### INSTRUCTIONS FOR THE TASK
Output each entry exactly; skip nothing.

--- TASK DATA Enclosed Below ---

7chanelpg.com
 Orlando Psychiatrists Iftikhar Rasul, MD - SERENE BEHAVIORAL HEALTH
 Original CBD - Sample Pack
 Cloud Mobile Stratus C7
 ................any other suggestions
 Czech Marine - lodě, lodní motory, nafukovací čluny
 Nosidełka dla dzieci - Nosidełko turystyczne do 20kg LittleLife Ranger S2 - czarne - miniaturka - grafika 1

--- End of Enclosed TASK DATA ---

### SOLUTION TO THIS TASK
7chanelpg.com
 Orlando Psychiatrists Iftikhar Rasul, MD - SERENE BEHAVIORAL HEALTH
 Original CBD - Sample Pack
 Cloud Mobile Stratus C7
 ................any other suggestions
 Czech Marine - lodě, lodní motory, nafukovací čluny
 Nosidełka dla dzieci - Nosidełko turystyczne do 20kg LittleLife Ranger S2 - czarne - miniaturka - grafika 1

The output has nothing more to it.